The problem:
In your copy, include every entry exactly as written but no pictures.

Records for the task Block Start

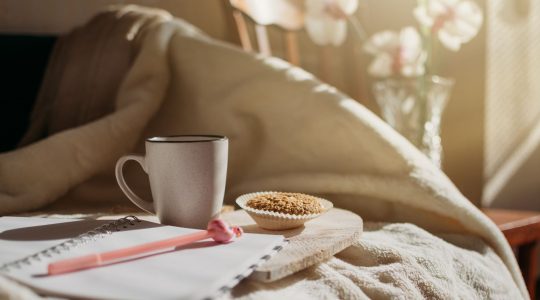 Coffee, note pad, and breakfast cookies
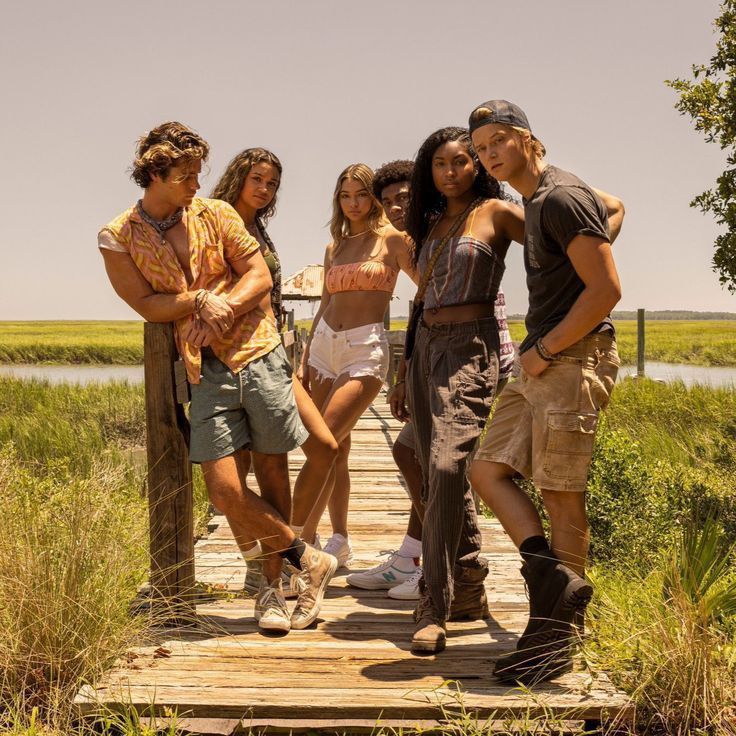 a group of young people standing on a wooden bridge over a marshy area with tall grass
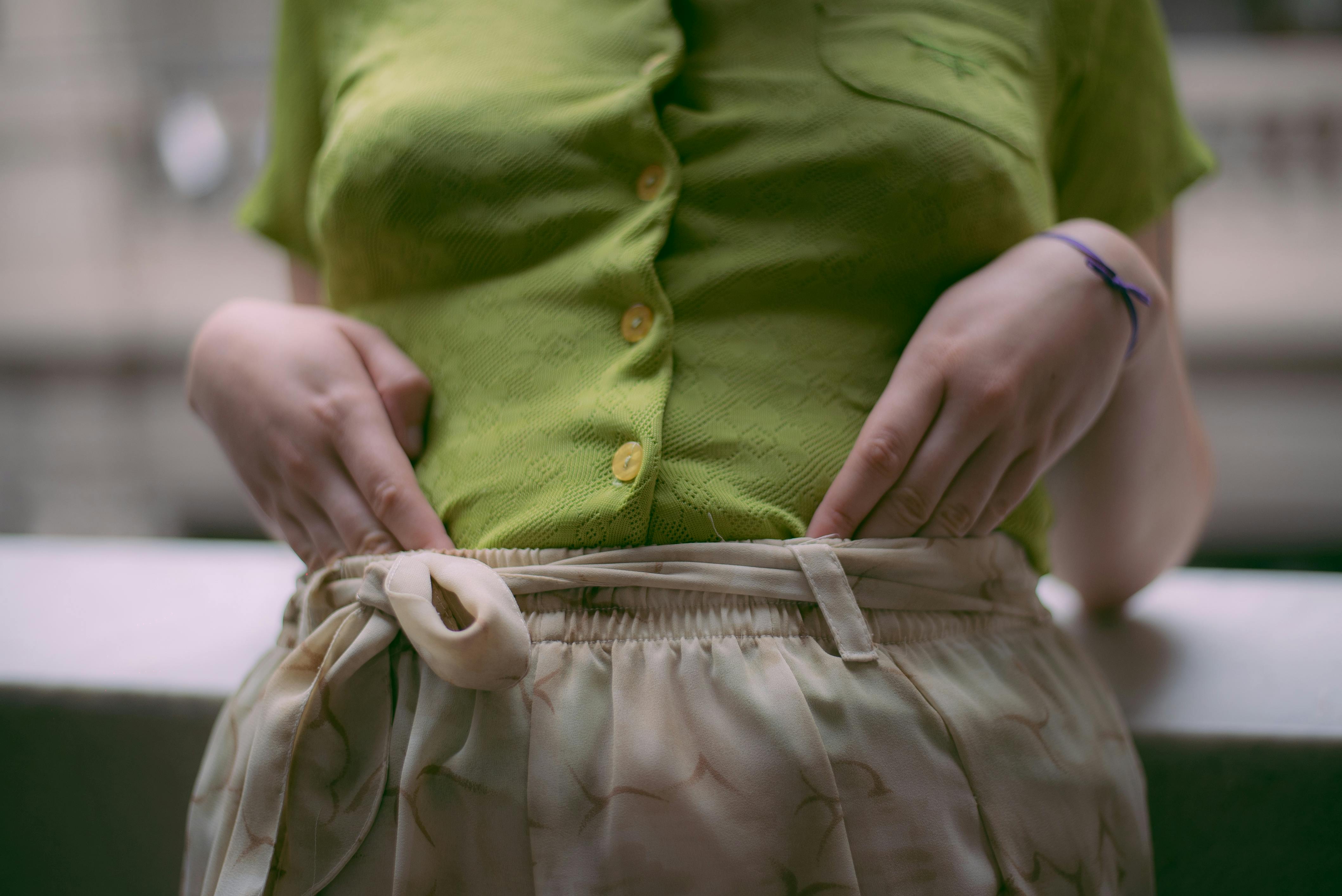 Close-up of a woman wearing a stylish green blouse and beige skirt outdoors.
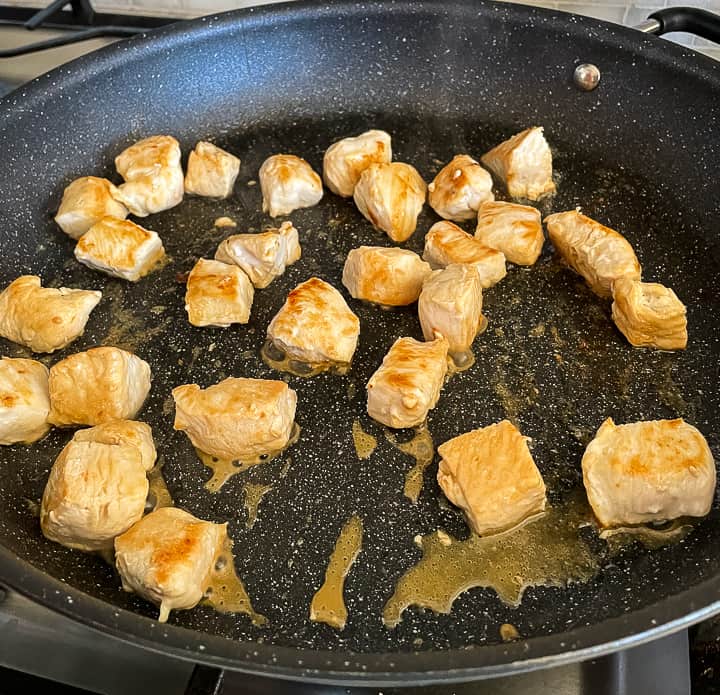 chunks of chicken being browned in a skillet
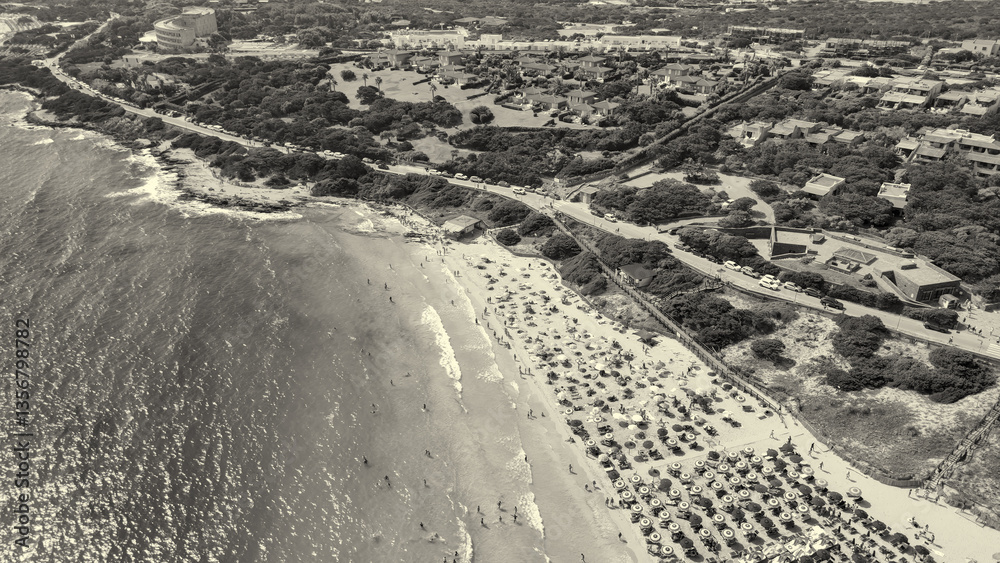 Aerial perspective of Sardinia's Torre della Pelosa and crystal-clear waters of La Pelosa Beach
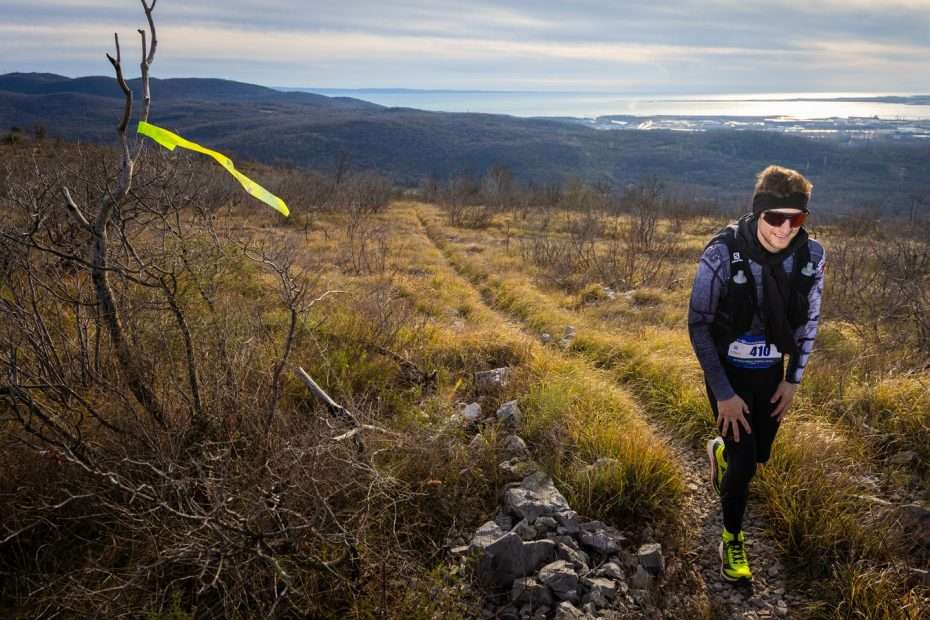 A runner climbing the border path, with the plain and the sea at Monfalcone behind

Records for the task Block End

Answer:
 Coffee, note pad, and breakfast cookies
 a group of young people standing on a wooden bridge over a marshy area with tall grass
 Close-up of a woman wearing a stylish green blouse and beige skirt outdoors.
 chunks of chicken being browned in a skillet
 Aerial perspective of Sardinia's Torre della Pelosa and crystal-clear waters of La Pelosa Beach
 A runner climbing the border path, with the plain and the sea at Monfalcone behind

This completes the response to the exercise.